After training, launch the storytelling demo to inspect predictions interactively. The majority-vote ensemble provides the strongest scores when multiple base models are available, but you can still target individual model families:

python -m emo_spark.demo \
  --use-demo-samples \
  --text "Wow this is amazing. LOVE THIS!!!"

Add custom examples using repeated --text "Some input" arguments. The demo reports threshold-aware predictions, probability scores where available, and narrates the leading emotional storyline.

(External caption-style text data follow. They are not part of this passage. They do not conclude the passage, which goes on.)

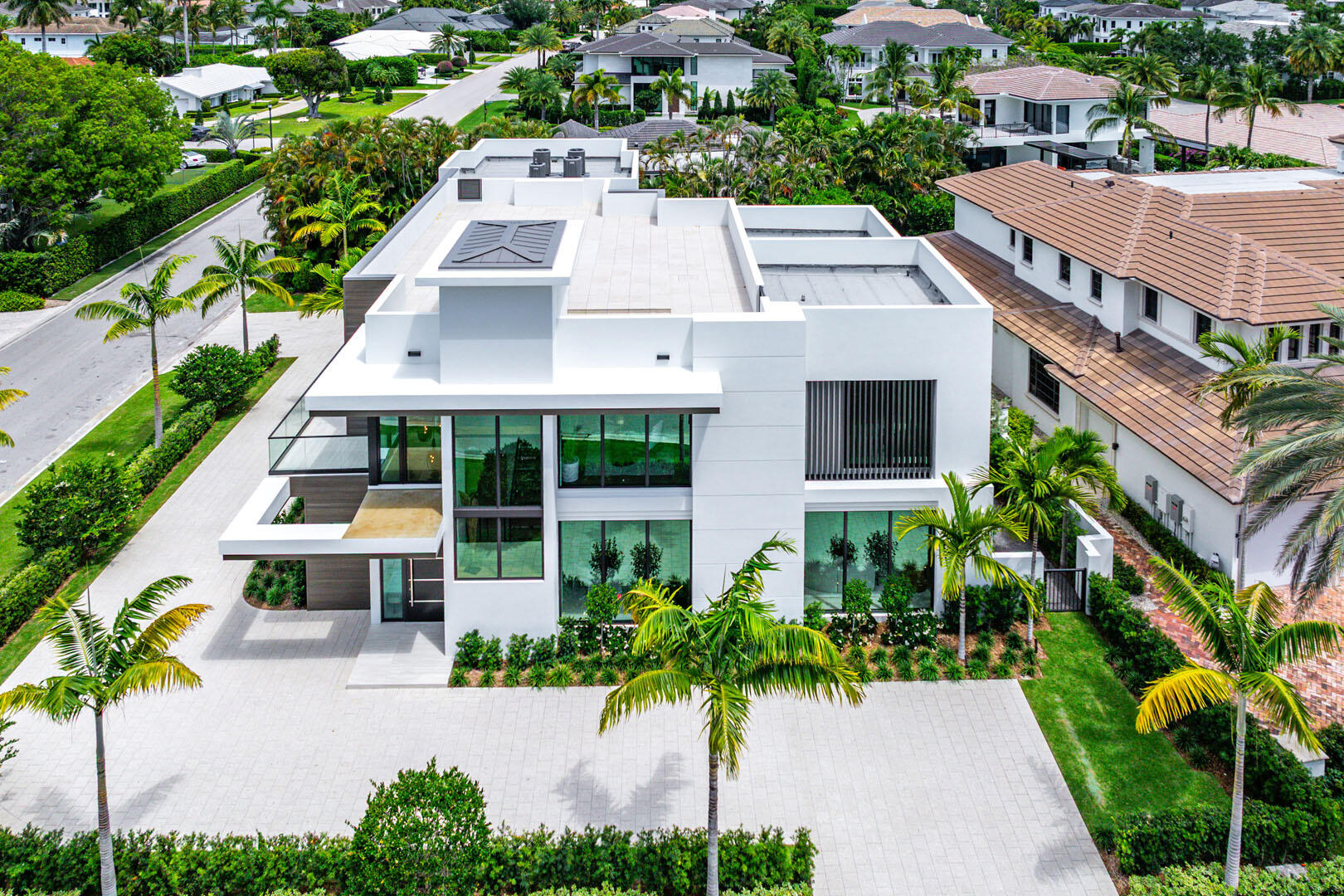 ROYAL PALM YACHT & COUNTRY CLUB - Residential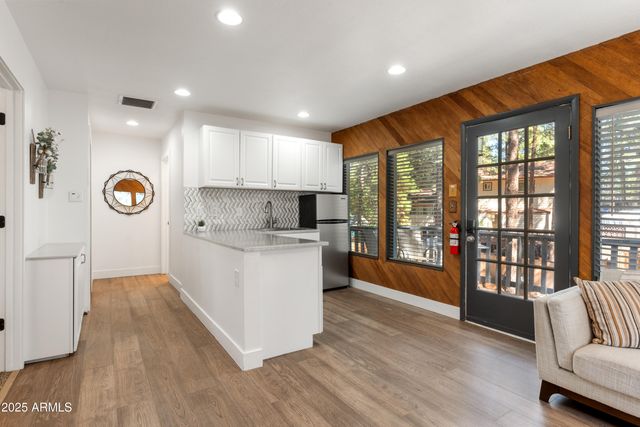 530 N CHARLES Road, Flagstaff, AZ 86001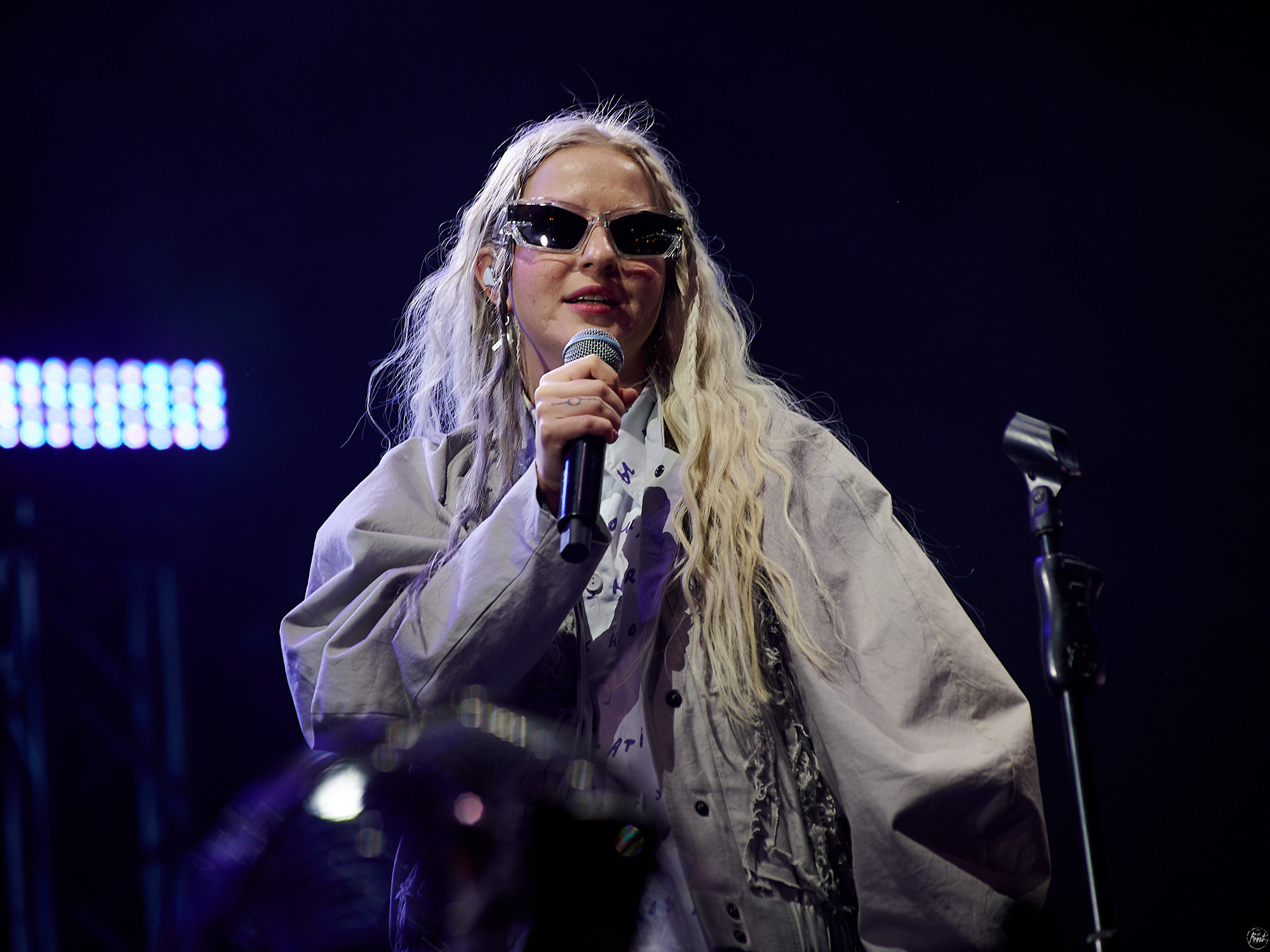 Тося Чайкина на фестивале Ural Music Night 2023. Фотографии отовсюду и обо всем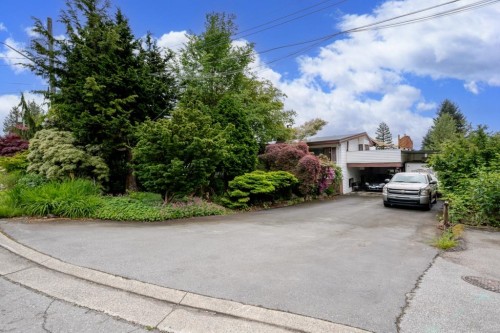 1392 Charland Avenue, Coquitlam, BC 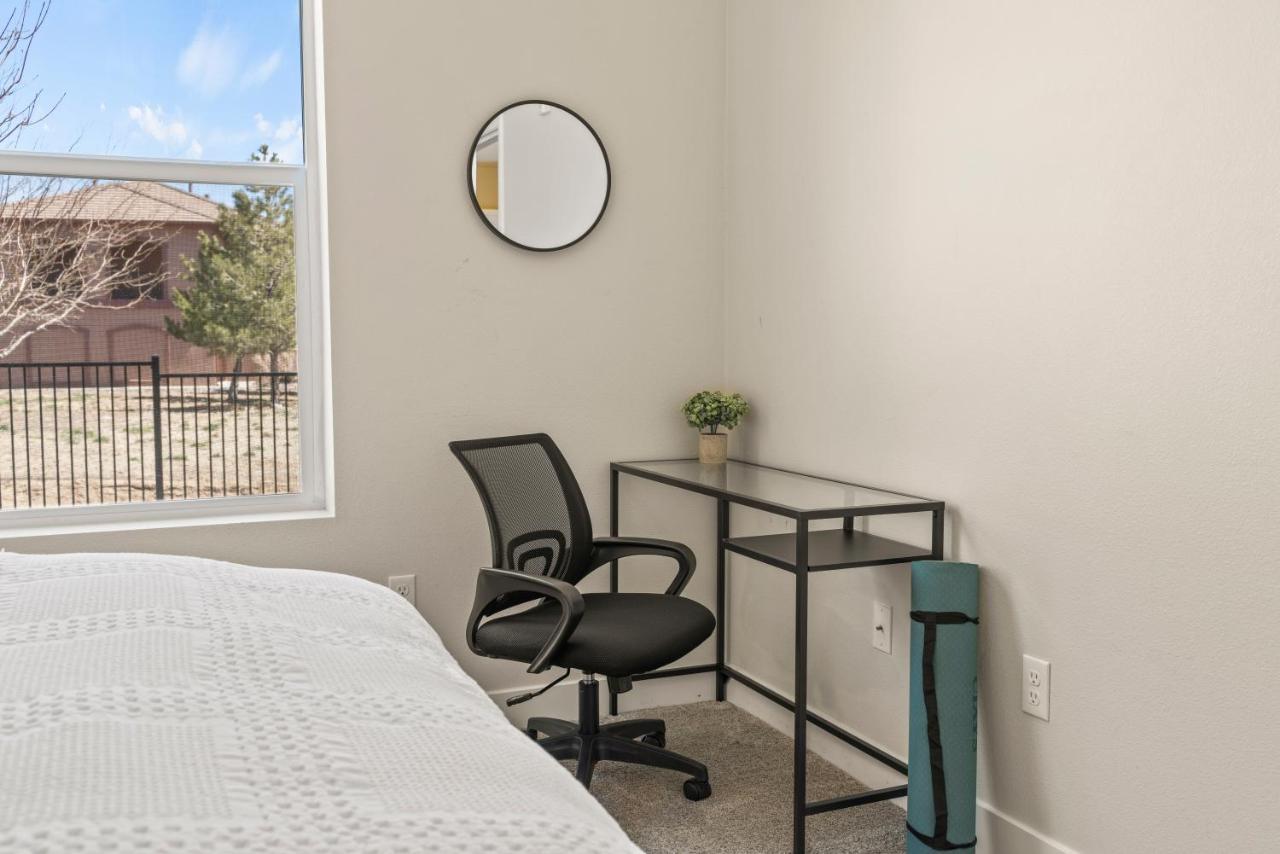 Luxury Retreat - King Beds, Hot Tub, & Pool - Family & Remote Work Friendly Reno Exterior foto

If your training run produced only a single family, specify it explicitly (for example --model logistic_regression) so the demo can load the correct artifacts.

Repository Layout

data/                     # GoEmotions CSVs and NRC emotion/VAD lexica
docs/                     # Architecture notes, diagrams, and research context
output/                   # Generated artifacts (features, models, metrics)
src/emo_spark/            # PySpark source code
  config.py               # Runtime configuration dataclass and defaults
  data.py                 # Data loading, projection, and stratified splitting
  features.py             # Feature engineering pipeline components
  models.py               # Model orchestration and cross-validation logic
  metrics.py              # Multi-label metric computations and utilities
  evaluation.py           # Evaluation manager for metrics + persistence
  pipeline.py             # End-to-end pipeline wiring helpers
  main.py                 # CLI entrypoint for training
  demo.py                 # Interactive demo CLI

Data Flow and Model Training Pipeline

This section provides a detailed, step-by-step explanation of how raw text data flows through the emoSpark pipeline to produce trained emotion classification models.

Table of Contents

  1. Overview
  2. Data Loading and Preparation
  3. Feature Engineering
  4. Model Training Strategy
  5. Evaluation and Metrics
  6. Complete Data Flow Diagram

Pipeline Overview

Goal: Train multi-label classifiers to predict 8 Plutchik emotions (joy, trust, fear, surprise, sadness, disgust, anger, anticipation) from text.

Strategy: One-vs-rest binary classification – train 8 separate binary classifiers, one per emotion.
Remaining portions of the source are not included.